July 2013 Letter
A few days ago we started the Apostles’ fast which will end on July 12th (5th of Abib), in commemoration of St. Peter and St. Paul. Previously, we reviewed the lives of our fathers the apostles, and this month we would like to review the lives of the second generation after the apostles, whom are called the “Apostolic fathers.”
The Apostolic fathers are the disciples of the apostles (e.g. Ignatius of Antioch the disciple of St. Peter), and whose teachings are considered a direct reflection of the preaching of the apostles. They belong to several places of the Roman empire: Asia Minor, Syria, Rome. In studying their writings we find that the content and way of writing are very close to that of the New Testament, particularly the epistles. Although each of them wrote in different circumstances, they present one universal thought that indicates the Christian dogma at that time.
The apostolic fathers and their writings:
v St. Clement of Rome: was a priest in Rome, wrote a letter to the church in Corinth. Other letters are doubtfully referred to him. Was martyred in the year 101.
v St. Ignatius of Antioch: the second bishop on the See of Antioch, was a disciple of St. John the Beloved and some say to St. Peter. Wrote 7 letters on his way to Rome to be martyred by being thrown to the wild beasts, and was martyred in the year 107 during the reign of Emperor Trajan.
v St. Polycarp: was born around the year 80 AD, ordained bishop of the city of Smyrna (now Izmir). Was a disciple of the Apostle St. John. History records a document about the story of his martyrdom in 167 AD. Wrote a letter to the Philippians.
v Papias: bishop of Hierapolis Asia Minor. Was a listener of St. John the Apostle and friend of St. Polycarp.
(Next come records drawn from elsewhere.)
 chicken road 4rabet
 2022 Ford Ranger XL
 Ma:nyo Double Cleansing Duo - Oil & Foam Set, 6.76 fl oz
Wrote his memoirs in five books, which traces the origins of the Gospels of Matthew and Mark and shows the witnesses whom he relied on.
v Letter of Barnabas: an unknown author, and its history is uncertain, but it dates back to the end of the first century and the beginning of the second.
v The Didache: or “teaching of the Lord to the nations by the 12 apostles” is a small book dedicated to guide ethical behavior, and the definition of the rites and laws of the Church.
v The Shepherd by Hermas: a symbolic book that consists of group of revelations.
May the blessing of Saint Mary, the holy apostles, and Saint Mercurius be with us all.